Due to budget constraints, the plan initially relied upon volunteers to conduct the monitoring. That created potential challenges in terms of reliability, consistency of the data collected and the ability to provide long-term monitoring.

That’s when an ongoing research partnership with UW-River Falls faculty and staff came into play. Why not use the monitoring project to provide undergraduate students with hands-on training while also fulfilling a community need?

Jill Coleman Wasik, associate professor at UW-River Falls, and Heather Davis, lab manager, requested a grant from the Freshwater Collaborative of Wisconsin to create “The Dam Analysis and Monitoring (DAM) Crew,” a two-week student experience during which working professionals would train undergraduates in monitoring techniques.

“Trout Unlimited and the Kinni Corridor Collaborative wanted scientifically valid data. They couldn’t just rely on volunteers to come in any day and collect data,” Coleman Wasik says. “The funding from the Freshwater Collaborative came at a critical time for the monitoring plan and allowed our faculty and students to meet an identified need.”

Five UW-River Falls students and one from UW-Eau Claire were selected to work on the DAM Crew. Sean Morrison, a geomorphologist at Inter-Fluve and a graduate of UW-Eau Claire, trained them on several technical skills with a focus on data collection, which is an essential skill his company looks for when hiring. During the first week, the students often spent eight hours a day in waders, collecting samples.

Trout Unlimited has been monitoring the impacts of the city’s dams and storm water discharges since 1992, so Johnson shared historical data and demonstrated Trout Unlimited’s macroinvertebrate monitoring as well as a phone app (WiseH2O) the organization uses for water quality and temperature monitoring.

The students weren’t told the dams would be removed. Instead, Davis led them through a process of inquiry during which they were given basic information, made observations at the sites and analyzed data they collected. Students looked at water-quality parameters, temperature and stream ecology as well as legal and economic aspects of the project. They then presented their conclusions and recommendations to stakeholders.

“The students concluded the dams should be removed,” Davis says. “They talked about strategies for dealing with the dams after they’re drained and ways to make a community space that’s healthy for the river and the community.”

Those involved agree the DAM Crew project strengthened connections between UW-River Falls and the community. The university was able to exemplify the Wisconsin Idea by actively participating in a community project, and community partners had the opportunity to work with future water professionals. Students received hands-on training and networking opportunities — and saw how their research could solve real problems.
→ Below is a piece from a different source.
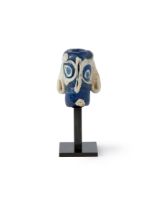 Property from a Private Collection, UK To Be Sold With No Reserve A Phoenician glass comic face...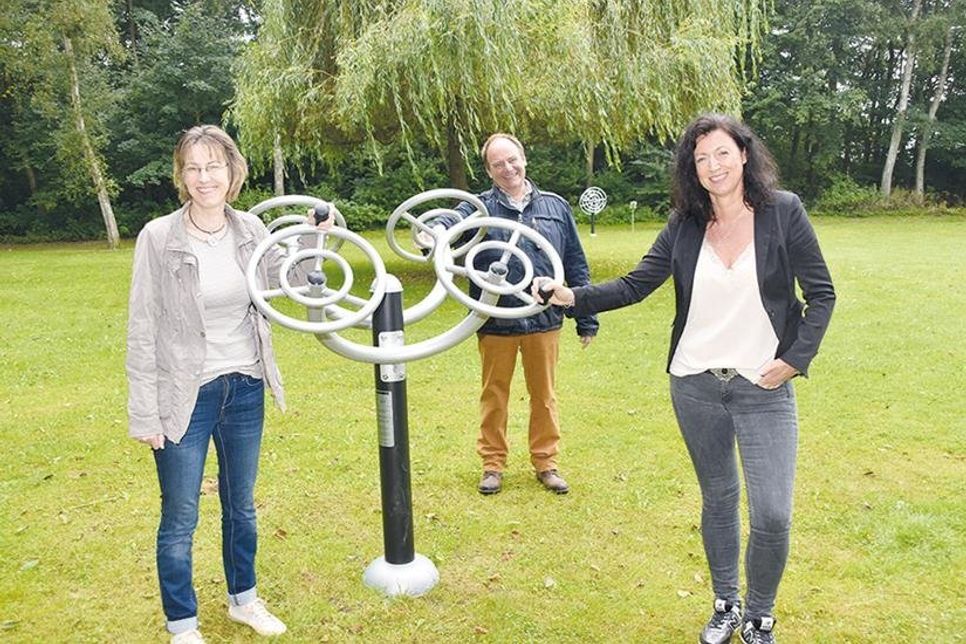 Tanja Schridde von der Aktiv-Region (von links), Dorfvorsteher Dierk Dürbrook und Bürgermeisterin Bettina Schäfer, die hier am „Steuerrad“ stehen, freuen sich über den neuen Fitness-Parcours im Paul-Zimmermann-Seepark in Klingberg.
“It’s easy to do the science but not know if it matters,” says Zach Blackert, an environmental geography major who will graduate from UW-Eau Claire in May. “I got to really see how important the science is to the entire city and the entire watershed. And I feel a lot more prepared to enter the workforce.”

As part of the grant, Jordyn Curtis and Mckenna Kellogg were hired as interns to continue data collection during the spring semester. They also will be able to conduct research into soil cores, sedimentation and vegetative cover, which will further inform the river restoration and lay the groundwork for future student research.

“I’m very appreciative they gave us the opportunity to continue the study from the summer,” Kellogg says. “They trust us with this independent research and believe in us to be able to create a framework for future interns.”

Curtis adds: “We’re pioneers. It will be good for future students, and I think it’s good it’s here at UW-River Falls.”

The goal is for the DAM Crew to conduct river monitoring each summer and provide ongoing data and recommendations to the community partners.

“It’s very rare that we’re able to do anything beyond photo monitoring. Monitoring is always one of the first things to get cut from the budget,” Morrison says. “The Freshwater Collaborative funding did a great job of helping to train the next generation of water resource professionals, and it provided us with a dataset that will provide really unique insights.”